Anyhow, these games are not meant to be teaching instruments. They’re meant to be fun and I think they succeed tremendously in that regard. I do think they will have the side benefit of inspiring and instilling basic music skills in a small subset of the gameplaying base, though.

Like KRM said, you were watching three guys playing it at Best Buy. If they’re playing it at Best Buy, it’s probably because none of them own the game, and they likely had only marginally more of an idea what the game is about than you do. Even if they have played it before, they’re probably still self-conscious about rocking out in the middle of a store surrounded by strangers. I mean, how often do you see people playing air guitar in public? How often do you play air guitar in public?

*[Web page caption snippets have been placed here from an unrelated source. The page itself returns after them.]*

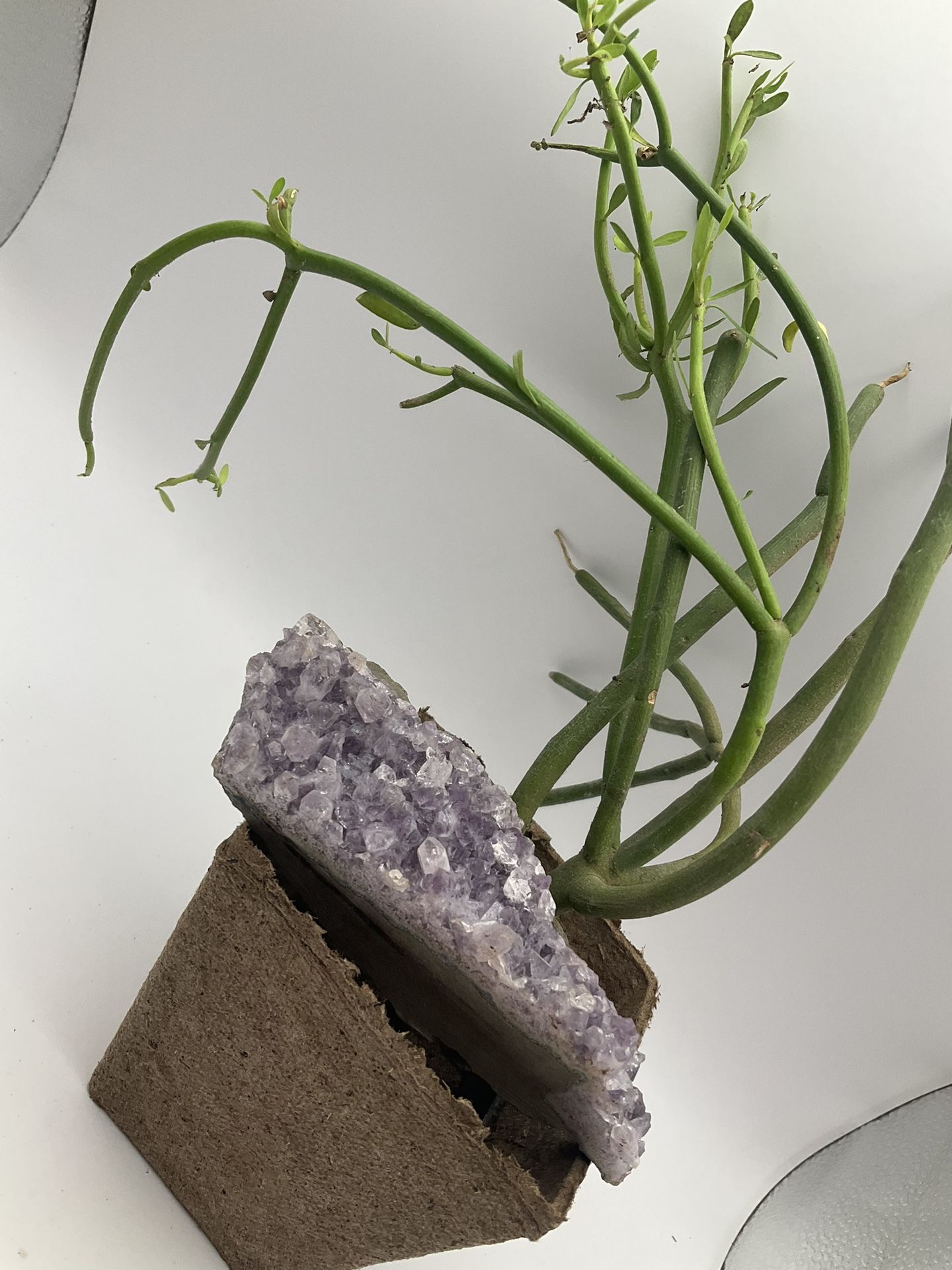 Rock And Plant 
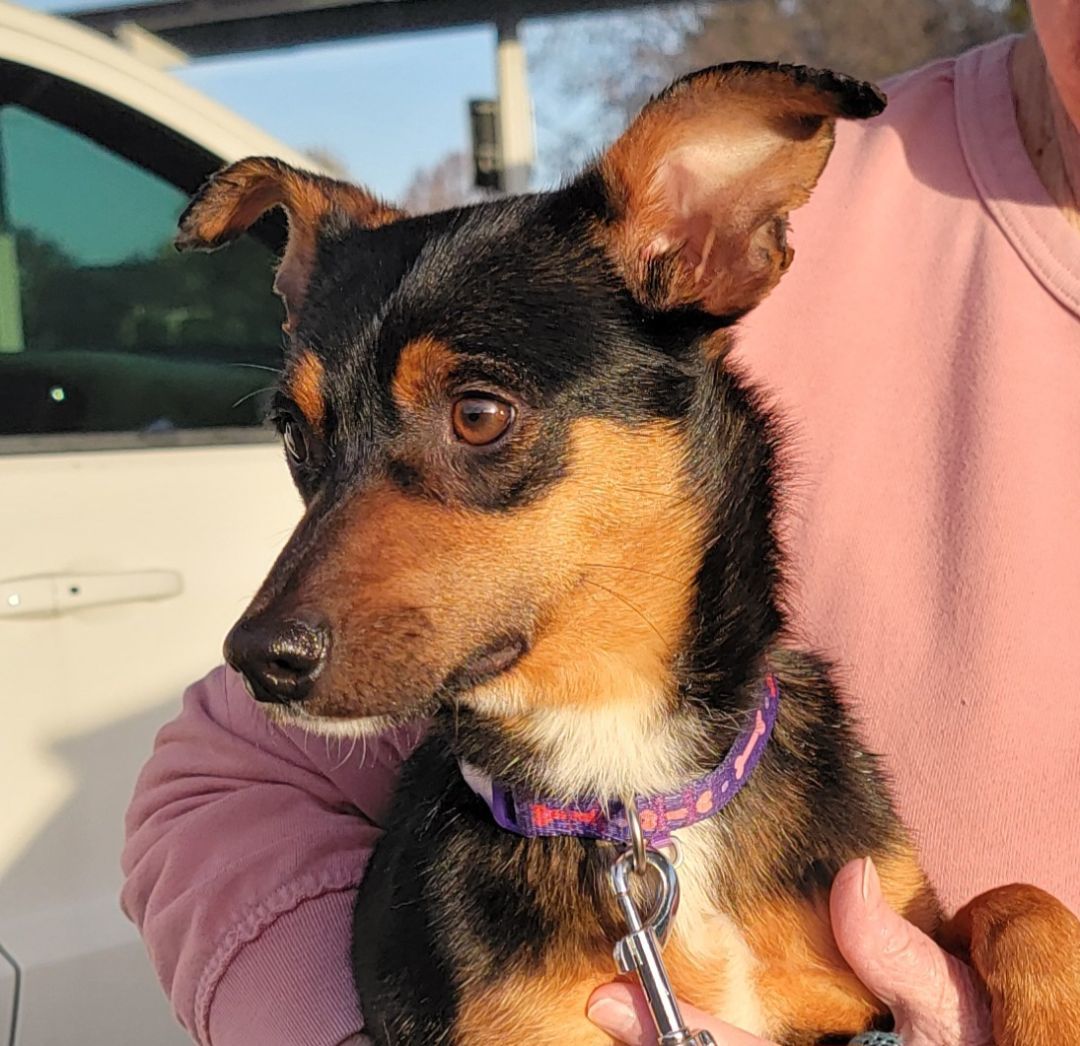 Dodger, a Adoptable Miniature Pinscher in Tracy, CA image 4/4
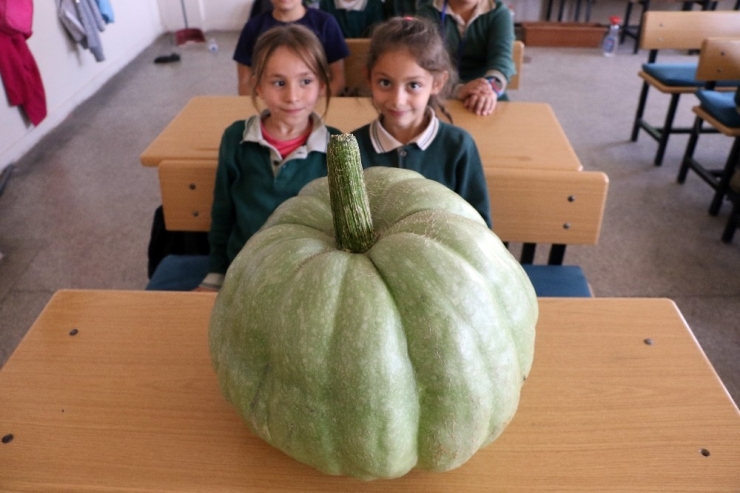 Öğrencilerden 42 Kiloluk Bal Kabağı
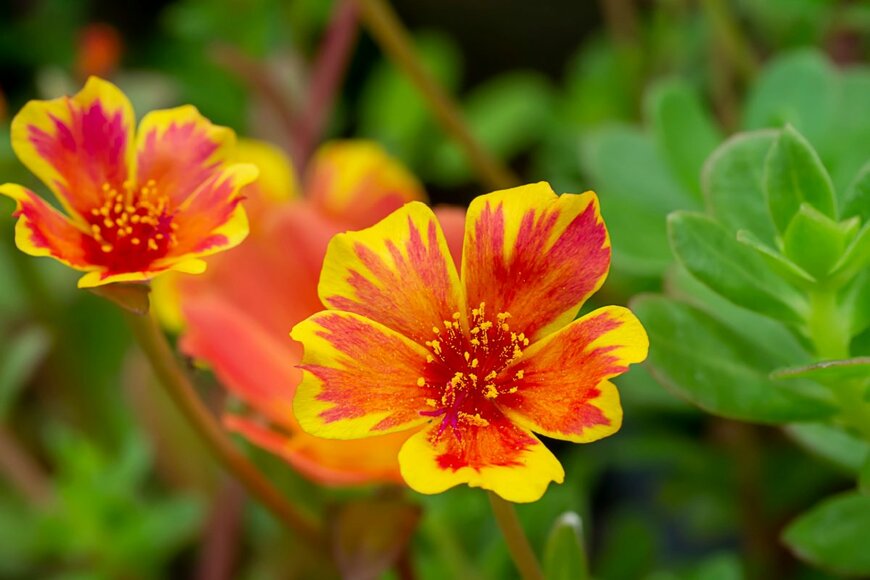 NOPPHARAT9889/shutterstock.com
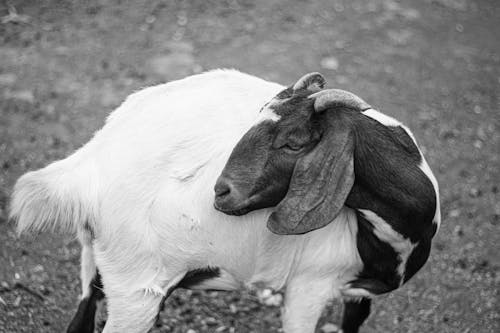 Bezpłatne Darmowe zdjęcie z galerii z czarno-biały, domowy, fotografia zwierzęcia Zdjęcie z galerii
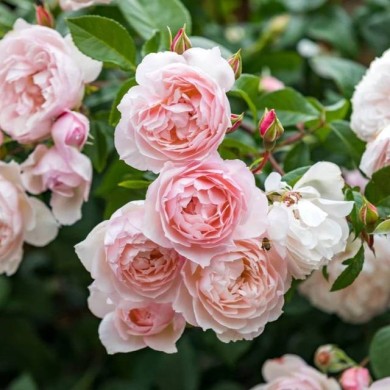 Rosier anglais grimpant The Generous Gardener (David Austin)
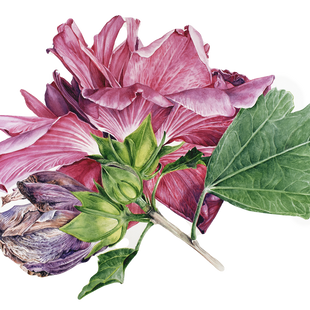 Hibiscus%20syriacus%20'Amplissimus'_edited.png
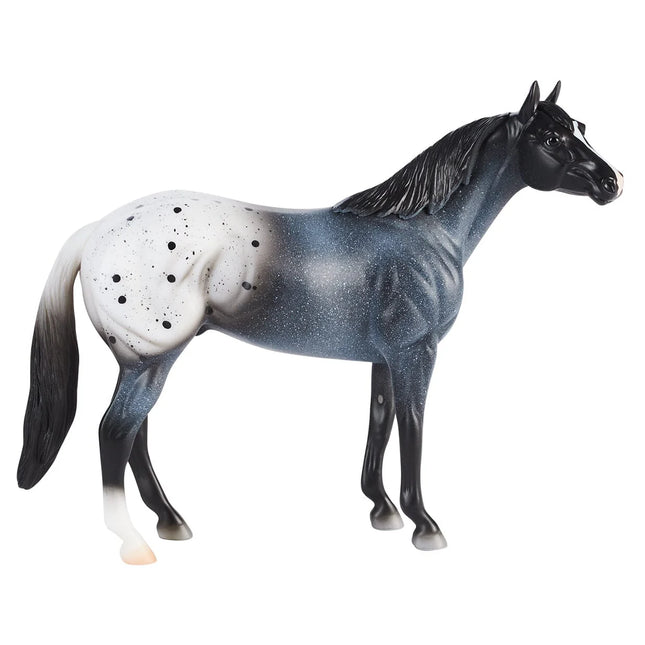 Blue Roan Appaloosa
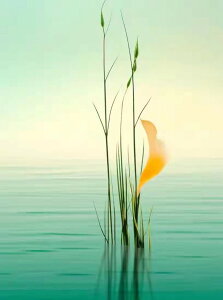 y10%OFFN[|zzz hJLbg 5D_ChA[g Lbg r[YhJ i S 5D_Ch yCeBOCeA nhCh NXXeb` _CAhA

I’m a gamer. I never got into Guitar Hero.

A fad? I dunno, anything that hangs around for 10 years (an eternity in console gaming) is a little more than a fad. It just got really popular now amongst casual gamers.

I was introduced to the world of rhythm games via Donkey Konga, which is basically the same thing, only with a set of bongos instead of a guitar, and now I play Guitar Hero and Rock Band as well.

Trust me, if you get a group of friends to play these things regularly, plenty of jumping around, dancing, singing, jamming, and general merriment ensues as you get to know the songs. As others have said, it’s basically the fun of playing music with friends, without the need to spend years learning how to do it.

Of course, if you do want to find some kind of useful, practical purpose in a video game:

  1. It teaches you a strong sense of rhythm and timing.
  2. The guitar peripheral increases your dexterity—while the actual movements don’t correspond to real guitar playing, the speed and accuracy with which you must press the buttons on the higher levels teaches you to move the fingers on your fretting hand quickly and precisely.
  3. The drum peripheral is, as mentioned, basically an actual drum set, and the rhythms you play correspond to the song’s percussion track, therefore the “drummer” gains actual drumming skill.
  4. Ditto for the singer…it’s a microphone peripheral, and the input plays on the audio track. It’s just like being the lead singer of a real band during rehearsal.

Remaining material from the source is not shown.